L’I.M. : Vous travaillez à l’émergence et à la reconnaissance du « patient-expert ». Qui est-il ?

T.S. : Toutes les associations de patients font aujourd’hui en sorte que soit reconnu et entendu le savoir expérientiel des patients. À l’AFH, nous parlons de « patients-ressources », qui connaissent leur pathologie et qui reçoivent une formation pour pouvoir reformuler les discours soignants. Ils peuvent alors transmettre à leurs pairs des connaissances sur leur pathologie ou les parcours de santé, afin que les patients puissent gérer d’éventuels accidents de parcours en trouvant des ressources, notamment associatives, etc. L’AFH est très engagée dans l’éducation thérapeutique, un outil indispensable pour améliorer la prise en charge des maladies chroniques. Ces actions doivent être coconstruites et coanimées par des patients et des professionnels de santé. Il faut que les pouvoirs publics multiplient les appels d’offres sur des actions d’ETP, qui impliquent systématiquement des associations d’usagers.

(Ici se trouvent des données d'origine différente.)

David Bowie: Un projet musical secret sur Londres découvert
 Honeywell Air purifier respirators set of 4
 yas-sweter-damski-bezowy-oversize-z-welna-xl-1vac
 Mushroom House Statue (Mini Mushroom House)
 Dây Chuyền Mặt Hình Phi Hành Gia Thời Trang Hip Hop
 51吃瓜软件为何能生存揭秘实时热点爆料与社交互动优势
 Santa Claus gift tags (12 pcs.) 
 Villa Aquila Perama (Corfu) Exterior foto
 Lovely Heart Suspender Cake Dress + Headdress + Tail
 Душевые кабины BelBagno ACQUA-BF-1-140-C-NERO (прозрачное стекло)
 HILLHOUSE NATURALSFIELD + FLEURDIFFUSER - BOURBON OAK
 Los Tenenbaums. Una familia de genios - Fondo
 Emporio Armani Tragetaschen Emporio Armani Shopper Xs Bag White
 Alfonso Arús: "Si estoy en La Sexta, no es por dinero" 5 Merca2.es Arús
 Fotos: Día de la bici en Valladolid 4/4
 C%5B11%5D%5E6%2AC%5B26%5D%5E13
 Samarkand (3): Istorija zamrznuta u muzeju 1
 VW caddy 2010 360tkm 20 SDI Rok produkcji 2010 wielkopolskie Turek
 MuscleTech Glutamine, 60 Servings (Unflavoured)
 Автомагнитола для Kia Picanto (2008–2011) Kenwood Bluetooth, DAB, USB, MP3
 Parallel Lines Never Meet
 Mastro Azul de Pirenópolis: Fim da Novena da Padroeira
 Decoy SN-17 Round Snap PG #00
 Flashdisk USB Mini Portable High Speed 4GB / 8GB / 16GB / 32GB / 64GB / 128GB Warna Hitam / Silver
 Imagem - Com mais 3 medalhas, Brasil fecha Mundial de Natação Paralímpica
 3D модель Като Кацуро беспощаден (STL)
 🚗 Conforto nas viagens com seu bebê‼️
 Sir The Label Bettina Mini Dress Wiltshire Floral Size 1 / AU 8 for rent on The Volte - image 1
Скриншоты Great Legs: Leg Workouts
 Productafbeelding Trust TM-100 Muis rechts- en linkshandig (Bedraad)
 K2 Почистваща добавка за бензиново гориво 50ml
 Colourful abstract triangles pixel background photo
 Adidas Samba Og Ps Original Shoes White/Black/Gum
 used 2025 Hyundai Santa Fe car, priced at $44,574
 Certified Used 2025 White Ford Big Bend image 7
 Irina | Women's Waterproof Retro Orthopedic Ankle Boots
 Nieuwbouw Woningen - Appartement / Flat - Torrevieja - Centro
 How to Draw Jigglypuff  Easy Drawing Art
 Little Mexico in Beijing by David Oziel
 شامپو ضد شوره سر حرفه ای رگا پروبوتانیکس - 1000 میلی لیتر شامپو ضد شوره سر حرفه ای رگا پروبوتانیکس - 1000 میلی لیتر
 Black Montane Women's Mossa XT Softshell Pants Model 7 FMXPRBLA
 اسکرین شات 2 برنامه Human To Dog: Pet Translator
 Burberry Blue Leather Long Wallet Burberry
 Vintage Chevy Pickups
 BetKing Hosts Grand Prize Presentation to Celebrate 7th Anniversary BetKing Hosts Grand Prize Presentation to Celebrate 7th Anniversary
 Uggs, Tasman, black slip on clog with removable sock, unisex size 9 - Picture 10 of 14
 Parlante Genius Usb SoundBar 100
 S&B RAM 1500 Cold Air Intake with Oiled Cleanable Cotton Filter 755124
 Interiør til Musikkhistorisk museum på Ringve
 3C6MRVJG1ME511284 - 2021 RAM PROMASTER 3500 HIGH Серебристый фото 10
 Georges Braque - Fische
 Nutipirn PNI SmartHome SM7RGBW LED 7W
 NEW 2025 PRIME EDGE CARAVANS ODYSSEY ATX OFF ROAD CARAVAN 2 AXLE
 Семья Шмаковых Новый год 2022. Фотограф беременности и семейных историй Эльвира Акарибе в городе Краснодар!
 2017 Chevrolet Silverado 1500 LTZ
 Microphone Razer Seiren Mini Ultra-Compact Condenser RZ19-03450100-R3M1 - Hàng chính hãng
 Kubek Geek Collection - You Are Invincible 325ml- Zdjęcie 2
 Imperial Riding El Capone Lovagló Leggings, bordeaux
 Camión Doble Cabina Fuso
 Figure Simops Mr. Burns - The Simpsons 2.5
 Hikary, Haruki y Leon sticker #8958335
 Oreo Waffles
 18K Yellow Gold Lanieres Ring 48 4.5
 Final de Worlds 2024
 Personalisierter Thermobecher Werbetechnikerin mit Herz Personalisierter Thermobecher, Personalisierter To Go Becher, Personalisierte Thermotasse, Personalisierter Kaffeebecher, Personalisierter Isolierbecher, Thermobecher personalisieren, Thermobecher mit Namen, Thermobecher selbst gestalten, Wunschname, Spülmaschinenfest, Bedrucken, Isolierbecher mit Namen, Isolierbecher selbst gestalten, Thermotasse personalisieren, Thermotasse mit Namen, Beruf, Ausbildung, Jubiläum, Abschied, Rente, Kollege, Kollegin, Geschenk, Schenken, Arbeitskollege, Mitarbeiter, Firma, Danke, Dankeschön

L’I.M. : Comment les associations d’usagers peuvent-elles assurer leur indépendance vis-à-vis de leurs financeurs, en premier lieu l’industrie pharmaceutique ?

T.S. : La question de l’indépendance des associations ne se négocie pas, elle doit être garantie. Il faut des financements publics : des aides et des subventions, les cotisations des membres, des dons, des financements après appel d’offres, etc. L’indépendance, c’est aussi l’équilibre entre des financements publics et privés. Il est logique que l’industrie pharmaceutique, qui fait des bénéfices importants grâce à la socialisation du risque assuré par la Sécurité sociale, finance les associations. Mais il faut une diversité de financements privés pour ne pas être dépendant d’un seul laboratoire. L’AFH a des financements diversifiés. Nos prises de position prouvent notre indépendance : nous appelons, par exemple, à un appel d’offres national pour mettre en compétition les traitements de l’hémophilie afin d’obtenir une baisse de prix.

1- Thomas Sannié a occupé tous les rôles de représentation des usagers, au niveau national comme local. Il a présidé la Conférence régionale de santé et de l’autonomie de l’Île-de-France ; actuellement,il est membre du conseil de surveillance de l’Établissement français du sang, et de la commission de la transparence de la HAS.

2- Il est co-auteur de L’hôpital, un monde sans pitié, paru chez L’Éditeur en 2012.